Line by line, reproduce the material below exactly.

> [DATA SHOWN]:
════════════════════

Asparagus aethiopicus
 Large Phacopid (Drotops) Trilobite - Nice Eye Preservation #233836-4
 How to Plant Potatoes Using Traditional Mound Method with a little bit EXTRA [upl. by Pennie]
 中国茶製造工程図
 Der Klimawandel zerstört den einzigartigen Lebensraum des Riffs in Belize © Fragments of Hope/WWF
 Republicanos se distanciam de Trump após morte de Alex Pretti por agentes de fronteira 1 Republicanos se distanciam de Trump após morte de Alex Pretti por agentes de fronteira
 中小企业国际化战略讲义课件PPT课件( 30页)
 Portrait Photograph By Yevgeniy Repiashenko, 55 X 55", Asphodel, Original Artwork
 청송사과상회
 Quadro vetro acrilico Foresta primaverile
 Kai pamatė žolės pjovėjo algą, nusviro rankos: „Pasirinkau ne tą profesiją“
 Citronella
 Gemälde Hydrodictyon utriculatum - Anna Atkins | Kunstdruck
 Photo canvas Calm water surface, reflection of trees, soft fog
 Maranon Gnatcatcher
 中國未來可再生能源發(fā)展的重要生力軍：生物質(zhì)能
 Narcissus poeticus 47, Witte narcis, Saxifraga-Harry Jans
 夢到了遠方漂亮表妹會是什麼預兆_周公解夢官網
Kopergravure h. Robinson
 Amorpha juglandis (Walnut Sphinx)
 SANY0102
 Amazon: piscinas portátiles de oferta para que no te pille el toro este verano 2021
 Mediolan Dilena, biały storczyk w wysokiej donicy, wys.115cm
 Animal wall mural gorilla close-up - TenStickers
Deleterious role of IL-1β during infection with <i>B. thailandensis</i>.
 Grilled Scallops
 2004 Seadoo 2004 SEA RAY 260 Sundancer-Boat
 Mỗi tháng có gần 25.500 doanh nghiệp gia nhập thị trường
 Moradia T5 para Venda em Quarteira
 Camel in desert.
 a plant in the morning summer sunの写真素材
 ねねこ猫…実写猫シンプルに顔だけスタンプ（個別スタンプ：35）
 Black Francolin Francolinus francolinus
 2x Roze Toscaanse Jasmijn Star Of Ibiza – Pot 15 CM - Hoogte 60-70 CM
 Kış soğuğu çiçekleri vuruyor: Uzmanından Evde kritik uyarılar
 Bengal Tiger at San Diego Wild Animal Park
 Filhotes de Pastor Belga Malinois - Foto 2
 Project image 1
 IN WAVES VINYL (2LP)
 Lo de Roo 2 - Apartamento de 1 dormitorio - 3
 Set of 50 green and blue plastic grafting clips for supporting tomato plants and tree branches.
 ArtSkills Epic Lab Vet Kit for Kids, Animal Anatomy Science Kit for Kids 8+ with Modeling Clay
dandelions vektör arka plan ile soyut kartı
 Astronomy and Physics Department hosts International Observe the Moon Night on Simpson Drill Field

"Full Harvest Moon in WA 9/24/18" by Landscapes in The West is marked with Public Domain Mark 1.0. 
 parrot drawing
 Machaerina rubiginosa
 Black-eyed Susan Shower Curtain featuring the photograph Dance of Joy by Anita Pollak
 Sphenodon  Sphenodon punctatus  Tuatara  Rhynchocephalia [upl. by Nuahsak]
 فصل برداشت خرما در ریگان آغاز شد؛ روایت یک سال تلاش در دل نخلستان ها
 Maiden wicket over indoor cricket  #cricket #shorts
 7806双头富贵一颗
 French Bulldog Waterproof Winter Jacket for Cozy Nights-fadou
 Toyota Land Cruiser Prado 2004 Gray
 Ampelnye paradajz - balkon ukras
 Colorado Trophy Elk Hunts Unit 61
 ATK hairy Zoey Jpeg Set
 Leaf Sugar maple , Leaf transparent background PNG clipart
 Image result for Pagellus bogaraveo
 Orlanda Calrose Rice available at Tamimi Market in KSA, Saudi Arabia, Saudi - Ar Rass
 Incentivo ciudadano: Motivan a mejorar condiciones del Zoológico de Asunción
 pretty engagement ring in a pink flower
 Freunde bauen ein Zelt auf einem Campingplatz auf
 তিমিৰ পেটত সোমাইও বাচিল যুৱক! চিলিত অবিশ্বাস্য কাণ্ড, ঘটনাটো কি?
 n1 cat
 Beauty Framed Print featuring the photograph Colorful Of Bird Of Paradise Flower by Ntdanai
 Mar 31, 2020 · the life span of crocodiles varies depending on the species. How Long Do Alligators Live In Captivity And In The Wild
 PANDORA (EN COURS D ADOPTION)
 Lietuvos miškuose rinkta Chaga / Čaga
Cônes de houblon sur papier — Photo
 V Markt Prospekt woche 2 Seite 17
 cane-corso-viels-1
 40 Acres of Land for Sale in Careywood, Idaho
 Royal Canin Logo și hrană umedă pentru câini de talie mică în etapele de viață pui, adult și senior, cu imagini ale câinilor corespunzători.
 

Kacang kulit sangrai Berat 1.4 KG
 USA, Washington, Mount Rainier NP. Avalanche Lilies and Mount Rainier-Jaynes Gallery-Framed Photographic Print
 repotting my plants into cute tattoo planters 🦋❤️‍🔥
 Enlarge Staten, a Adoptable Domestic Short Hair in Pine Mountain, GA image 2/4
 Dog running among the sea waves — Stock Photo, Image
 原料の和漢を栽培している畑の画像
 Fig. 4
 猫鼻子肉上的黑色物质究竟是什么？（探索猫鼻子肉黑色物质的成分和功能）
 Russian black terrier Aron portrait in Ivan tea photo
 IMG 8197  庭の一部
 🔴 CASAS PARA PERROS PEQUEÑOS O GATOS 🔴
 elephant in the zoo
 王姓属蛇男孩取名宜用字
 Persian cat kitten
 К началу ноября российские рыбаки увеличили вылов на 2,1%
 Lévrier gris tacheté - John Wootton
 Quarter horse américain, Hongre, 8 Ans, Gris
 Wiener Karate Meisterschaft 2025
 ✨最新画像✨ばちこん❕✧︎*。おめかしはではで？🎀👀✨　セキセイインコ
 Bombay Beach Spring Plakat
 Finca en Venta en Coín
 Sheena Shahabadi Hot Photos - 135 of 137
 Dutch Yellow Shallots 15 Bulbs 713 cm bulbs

════════════════════

> [SOLUTION TO THIS TASK]:
Asparagus aethiopicus
 Large Phacopid (Drotops) Trilobite - Nice Eye Preservation #233836-4
 How to Plant Potatoes Using Traditional Mound Method with a little bit EXTRA [upl. by Pennie]
 中国茶製造工程図
 Der Klimawandel zerstört den einzigartigen Lebensraum des Riffs in Belize © Fragments of Hope/WWF
 Republicanos se distanciam de Trump após morte de Alex Pretti por agentes de fronteira 1 Republicanos se distanciam de Trump após morte de Alex Pretti por agentes de fronteira
 中小企业国际化战略讲义课件PPT课件( 30页)
 Portrait Photograph By Yevgeniy Repiashenko, 55 X 55", Asphodel, Original Artwork
 청송사과상회
 Quadro vetro acrilico Foresta primaverile
 Kai pamatė žolės pjovėjo algą, nusviro rankos: „Pasirinkau ne tą profesiją“
 Citronella
 Gemälde Hydrodictyon utriculatum - Anna Atkins | Kunstdruck
 Photo canvas Calm water surface, reflection of trees, soft fog
 Maranon Gnatcatcher
 中國未來可再生能源發(fā)展的重要生力軍：生物質(zhì)能
 Narcissus poeticus 47, Witte narcis, Saxifraga-Harry Jans
 夢到了遠方漂亮表妹會是什麼預兆_周公解夢官網
Kopergravure h. Robinson
 Amorpha juglandis (Walnut Sphinx)
 SANY0102
 Amazon: piscinas portátiles de oferta para que no te pille el toro este verano 2021
 Mediolan Dilena, biały storczyk w wysokiej donicy, wys.115cm
 Animal wall mural gorilla close-up - TenStickers
Deleterious role of IL-1β during infection with <i>B. thailandensis</i>.
 Grilled Scallops
 2004 Seadoo 2004 SEA RAY 260 Sundancer-Boat
 Mỗi tháng có gần 25.500 doanh nghiệp gia nhập thị trường
 Moradia T5 para Venda em Quarteira
 Camel in desert.
 a plant in the morning summer sunの写真素材
 ねねこ猫…実写猫シンプルに顔だけスタンプ（個別スタンプ：35）
 Black Francolin Francolinus francolinus
 2x Roze Toscaanse Jasmijn Star Of Ibiza – Pot 15 CM - Hoogte 60-70 CM
 Kış soğuğu çiçekleri vuruyor: Uzmanından Evde kritik uyarılar
 Bengal Tiger at San Diego Wild Animal Park
 Filhotes de Pastor Belga Malinois - Foto 2
 Project image 1
 IN WAVES VINYL (2LP)
 Lo de Roo 2 - Apartamento de 1 dormitorio - 3
 Set of 50 green and blue plastic grafting clips for supporting tomato plants and tree branches.
 ArtSkills Epic Lab Vet Kit for Kids, Animal Anatomy Science Kit for Kids 8+ with Modeling Clay
dandelions vektör arka plan ile soyut kartı
 Astronomy and Physics Department hosts International Observe the Moon Night on Simpson Drill Field

"Full Harvest Moon in WA 9/24/18" by Landscapes in The West is marked with Public Domain Mark 1.0. 
 parrot drawing
 Machaerina rubiginosa
 Black-eyed Susan Shower Curtain featuring the photograph Dance of Joy by Anita Pollak
 Sphenodon  Sphenodon punctatus  Tuatara  Rhynchocephalia [upl. by Nuahsak]
 فصل برداشت خرما در ریگان آغاز شد؛ روایت یک سال تلاش در دل نخلستان ها
 Maiden wicket over indoor cricket  #cricket #shorts
 7806双头富贵一颗
 French Bulldog Waterproof Winter Jacket for Cozy Nights-fadou
 Toyota Land Cruiser Prado 2004 Gray
 Ampelnye paradajz - balkon ukras
 Colorado Trophy Elk Hunts Unit 61
 ATK hairy Zoey Jpeg Set
 Leaf Sugar maple , Leaf transparent background PNG clipart
 Image result for Pagellus bogaraveo
 Orlanda Calrose Rice available at Tamimi Market in KSA, Saudi Arabia, Saudi - Ar Rass
 Incentivo ciudadano: Motivan a mejorar condiciones del Zoológico de Asunción
 pretty engagement ring in a pink flower
 Freunde bauen ein Zelt auf einem Campingplatz auf
 তিমিৰ পেটত সোমাইও বাচিল যুৱক! চিলিত অবিশ্বাস্য কাণ্ড, ঘটনাটো কি?
 n1 cat
 Beauty Framed Print featuring the photograph Colorful Of Bird Of Paradise Flower by Ntdanai
 Mar 31, 2020 · the life span of crocodiles varies depending on the species. How Long Do Alligators Live In Captivity And In The Wild
 PANDORA (EN COURS D ADOPTION)
 Lietuvos miškuose rinkta Chaga / Čaga
Cônes de houblon sur papier — Photo
 V Markt Prospekt woche 2 Seite 17
 cane-corso-viels-1
 40 Acres of Land for Sale in Careywood, Idaho
 Royal Canin Logo și hrană umedă pentru câini de talie mică în etapele de viață pui, adult și senior, cu imagini ale câinilor corespunzători.
 

Kacang kulit sangrai Berat 1.4 KG
 USA, Washington, Mount Rainier NP. Avalanche Lilies and Mount Rainier-Jaynes Gallery-Framed Photographic Print
 repotting my plants into cute tattoo planters 🦋❤️‍🔥
 Enlarge Staten, a Adoptable Domestic Short Hair in Pine Mountain, GA image 2/4
 Dog running among the sea waves — Stock Photo, Image
 原料の和漢を栽培している畑の画像
 Fig. 4
 猫鼻子肉上的黑色物质究竟是什么？（探索猫鼻子肉黑色物质的成分和功能）
 Russian black terrier Aron portrait in Ivan tea photo
 IMG 8197  庭の一部
 🔴 CASAS PARA PERROS PEQUEÑOS O GATOS 🔴
 elephant in the zoo
 王姓属蛇男孩取名宜用字
 Persian cat kitten
 К началу ноября российские рыбаки увеличили вылов на 2,1%
 Lévrier gris tacheté - John Wootton
 Quarter horse américain, Hongre, 8 Ans, Gris
 Wiener Karate Meisterschaft 2025
 ✨最新画像✨ばちこん❕✧︎*。おめかしはではで？🎀👀✨　セキセイインコ
 Bombay Beach Spring Plakat
 Finca en Venta en Coín
 Sheena Shahabadi Hot Photos - 135 of 137
 Dutch Yellow Shallots 15 Bulbs 713 cm bulbs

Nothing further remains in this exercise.